ASSIGNMENT -
In this exercise, copy exactly the lines from the one that contains "皮衣外套夹克女2024autumn winter women" through the end of the entries below; pictures are not copied.

═══ DATA FOR THE TASK ═══

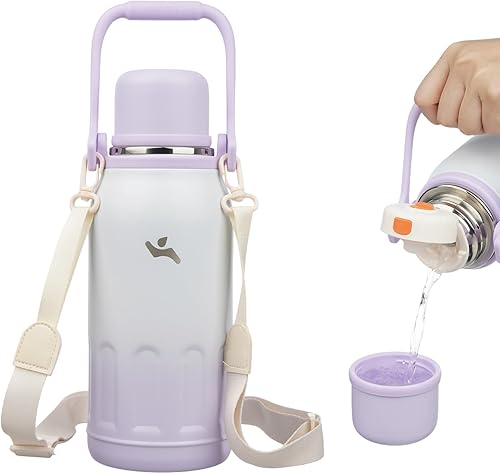 Miniatura 38 de Botella de agua térmica con asa y correa, vaso de viaje al vacío con tapa de taza, taza de café térmica para bebidas frías y calientes, 27 onzas,
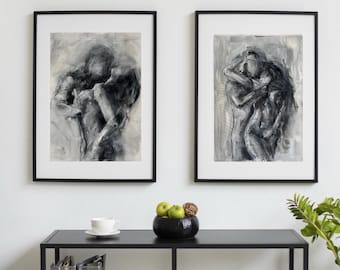 Set di due opere d'arte sensuali: dipinti originali in bianco e nero.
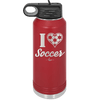I Heart Soccer - Laser Engraved Stainless Steel Drinkware - 1909 -
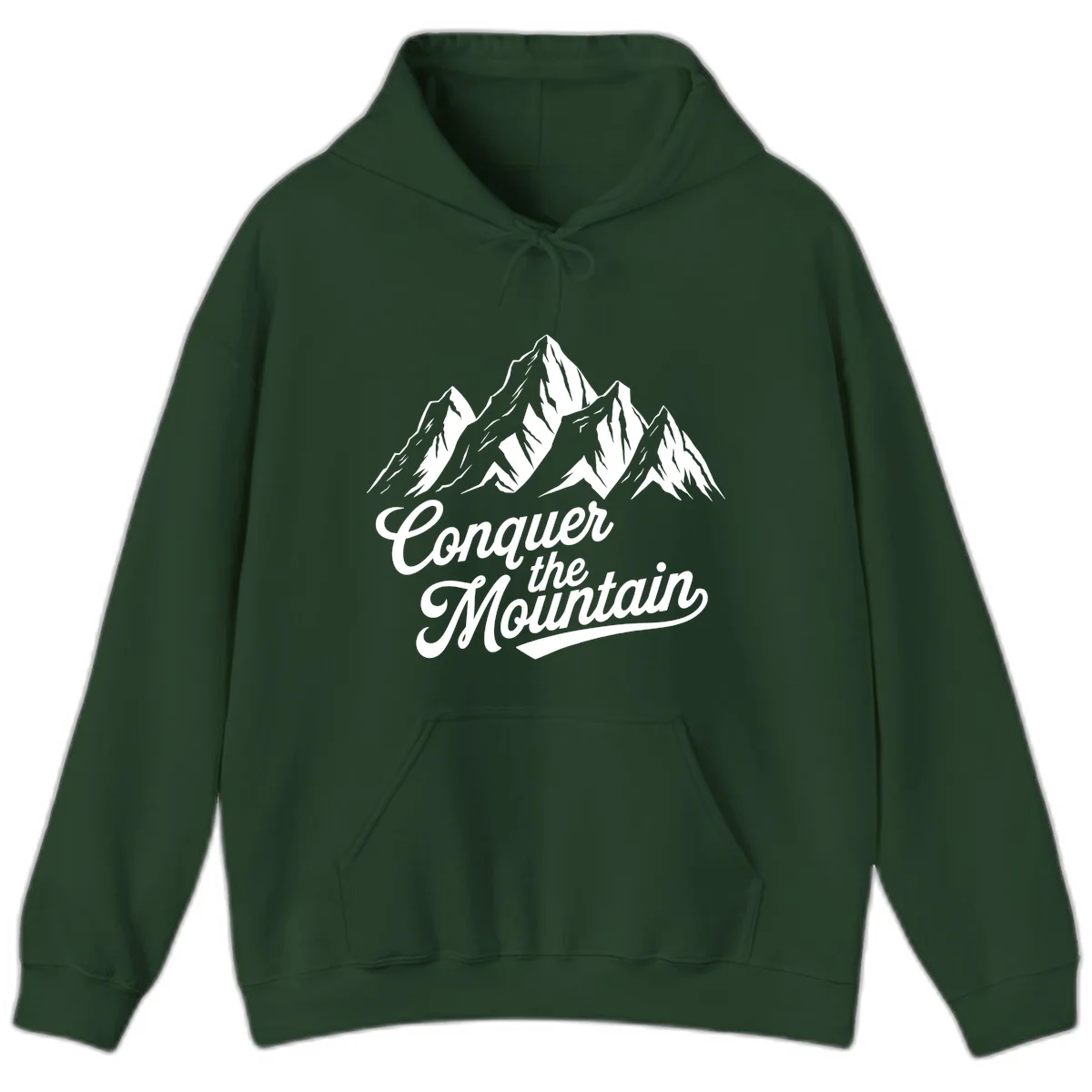 Vintage-style illustration of snow-capped mountain peaks with 'Conquer the Mountain' text in cursive script in Forest Green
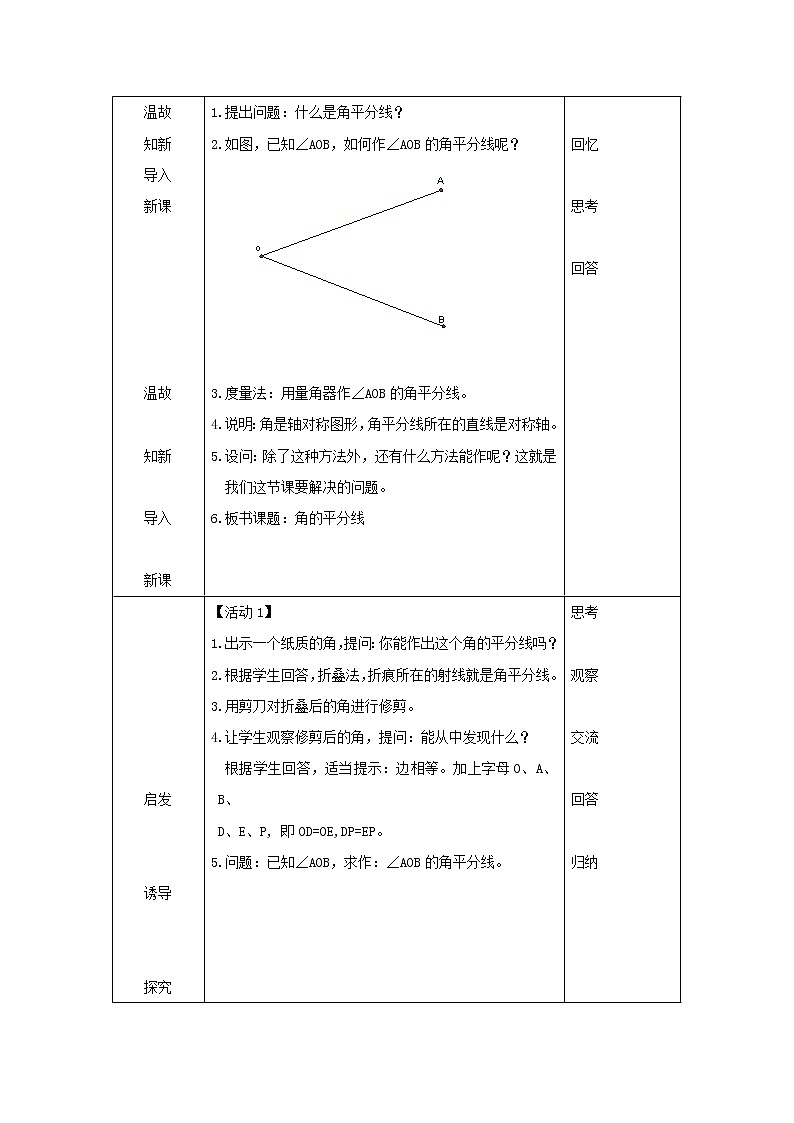 沪科初中数学八上《15.4 角的平分线》word教案 (3)02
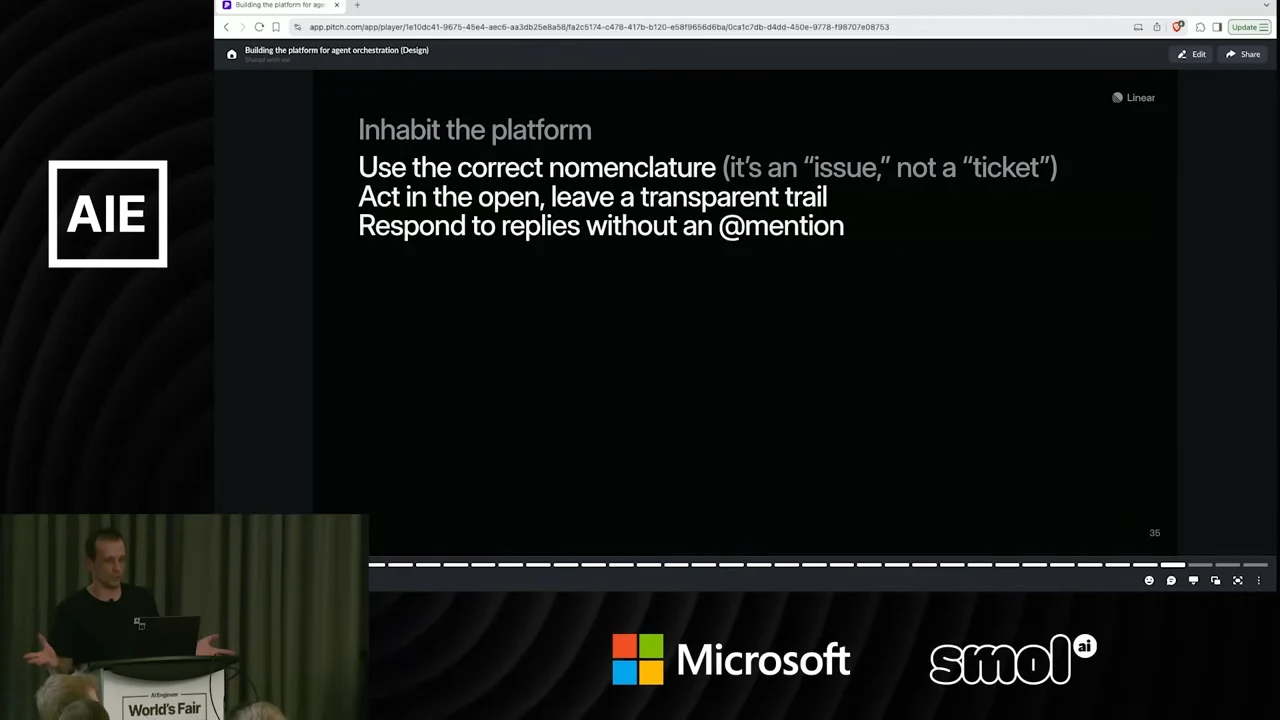 Slide titled “Inhabit the platform” lists using “issue” rather than “ticket,” acting in the open, and responding to replies without an @mention.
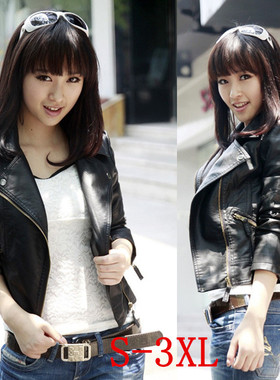 皮衣外套夹克女2024autumn winter women fashion leather jacket
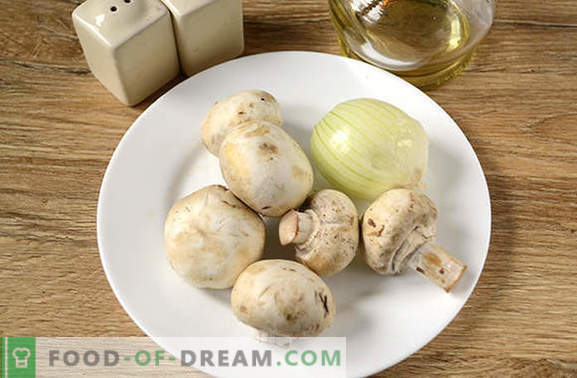 Fried mushrooms with onions: the right cooking technology. Step-by-step photo-recipe for cooking champignons with onions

═══

ANSWER SPACE -
 皮衣外套夹克女2024autumn winter women fashion leather jacket
 Fried mushrooms with onions: the right cooking technology. Step-by-step photo-recipe for cooking champignons with onions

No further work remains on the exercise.